Understanding the Different Types of Algorithms (Part One)
Binary Search
Suppose you’re trying to search for a person in a yearbook. Their last name starts with the letter J. Now you could start at the beginning and just keep flipping pages until you’ve reached J. But you’re most likely going to start in the middle because you know J will be near the middle of the book.
This is a search problem. It uses binary search to solve it.
Binary search is an algorithm used to find a specific element in a sorted list of elements. It works by repeatedly dividing the search space in half and comparing the target element with the middle component of the remaining portion. If the target element matches with the middle element then it returns it otherwise if the target element is smaller then the search continues in the lower half of the list while and if the target element is higher then it continues in the upper half. If it can’t find the target element it returns null.
Let’s take another example. Suppose you want to find a word in the Oxford English Dictionary. The dictionary has 600,000 words.
In a worst-case scenario, if you were to do a simple search it could take 600,000 steps if you’re trying to find a word that happens to be on the last page of the dictionary.
When it comes to binary search you would cut the number of words in half so it would look something like this:
In a worst-case scenario for binary search, it would take 20 steps (didn’t add decimal for some). This is a massive difference from the 600,000 steps it would take for a simple search.

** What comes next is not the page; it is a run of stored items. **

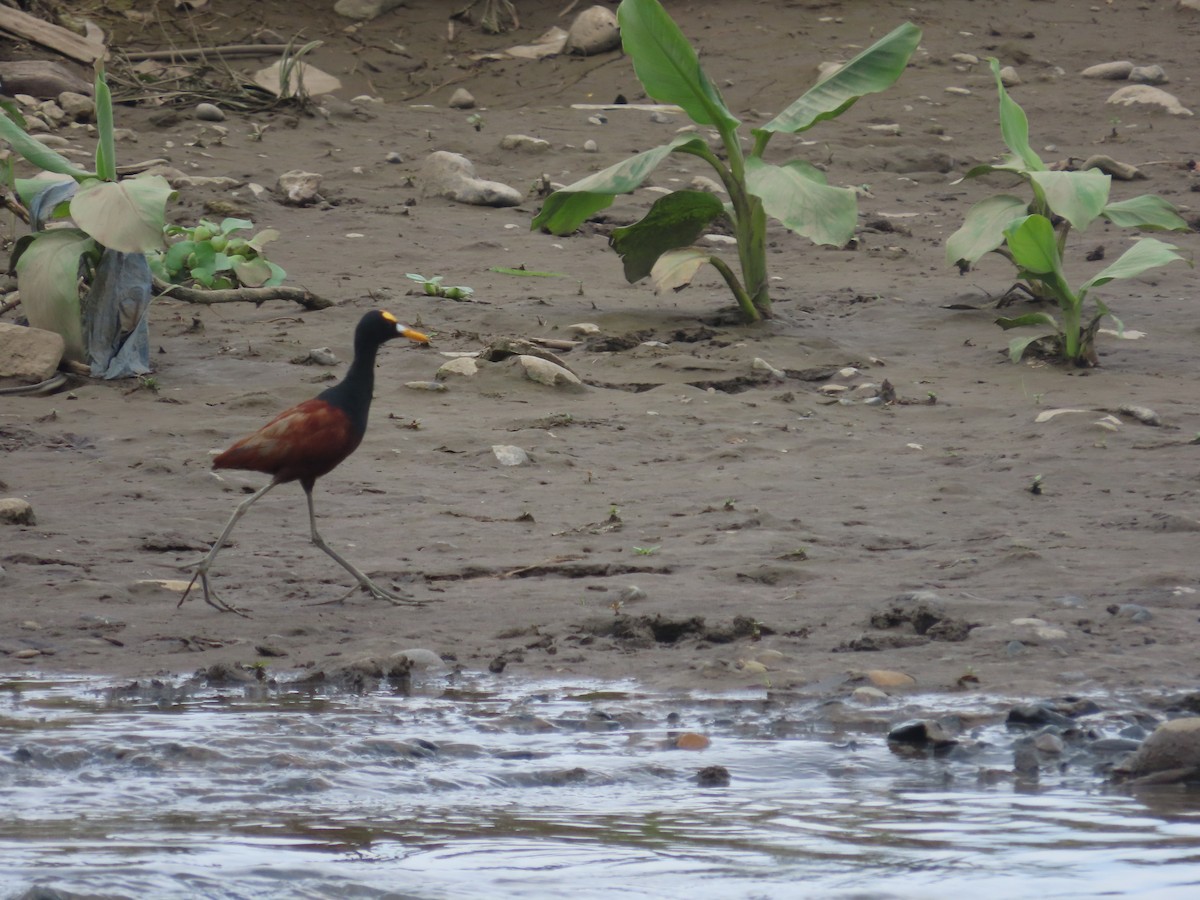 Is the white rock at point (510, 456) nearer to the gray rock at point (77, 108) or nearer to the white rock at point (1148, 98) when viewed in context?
the gray rock at point (77, 108)

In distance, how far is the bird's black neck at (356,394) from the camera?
5174mm

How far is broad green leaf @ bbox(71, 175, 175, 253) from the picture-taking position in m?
6.67

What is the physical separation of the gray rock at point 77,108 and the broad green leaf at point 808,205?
6.37 meters

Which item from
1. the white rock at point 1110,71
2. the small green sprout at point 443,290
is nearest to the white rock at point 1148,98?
the white rock at point 1110,71

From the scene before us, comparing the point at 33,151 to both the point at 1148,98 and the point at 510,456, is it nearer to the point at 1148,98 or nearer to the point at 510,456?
the point at 510,456

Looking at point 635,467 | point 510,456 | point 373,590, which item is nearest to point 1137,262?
point 635,467

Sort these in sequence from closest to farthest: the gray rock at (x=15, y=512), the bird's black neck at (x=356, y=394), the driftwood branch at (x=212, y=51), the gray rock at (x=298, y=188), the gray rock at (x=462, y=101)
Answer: the bird's black neck at (x=356, y=394) → the gray rock at (x=15, y=512) → the gray rock at (x=298, y=188) → the gray rock at (x=462, y=101) → the driftwood branch at (x=212, y=51)

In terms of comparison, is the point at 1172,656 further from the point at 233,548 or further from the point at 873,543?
the point at 233,548

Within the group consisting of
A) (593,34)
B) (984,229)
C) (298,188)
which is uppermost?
(593,34)

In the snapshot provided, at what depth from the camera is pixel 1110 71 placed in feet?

Binary search does require the list to be sorted in order to work effectively. So something like a dictionary sorted in alphabetical order would work with binary search.
Time
You would want to choose the most efficient algorithm optimizing for either time or space.
When it comes to time you can save a lot when using binary search. If there is a list of numbers containing 100,000 words, it would take 100,000 steps for a simple search while a binary search would only take 16 steps. This is a massive saving in time.
Big O notation
Big O notation is a special kind of notation that will tell you how fast an algorithm is. For example, let’s say you have a size m list. A simple search will check each element, so it will take m operations. The run time for Big O is O(m). Big O doesn’t tell the speed in seconds. Big O would let you compare the number of operations. It’ll tell you how fast the algorithm grows.
Here are some Big O run times you’ll encounter, sorted from fastest to slowest:
O(log n), also known as log time. Example: Binary Search
O(n), also known as linear time. Example: Simple Search
O(n * log n). Example: fast sorting algorithm
O(n^2). Example: slow sorting algorithm, like selection sort
O(n!). Example: extremely slow algorithm
Here are some takeaways:
Algorithm speeds aren’t measured in seconds but in the growth of the number of operations
The run time of an algorithm increases as the size of the input increases
The run time of algorithms is expressed in Big O notation
O(log n) is faster than O(n), but it gets a lot faster as the list of items you’re searching grows
Selection Sort
How memory works
Imagine you want to store your two things. A chest of drawers is available. Each drawer can only hold one thing. You want to store two things, so you use two drawers.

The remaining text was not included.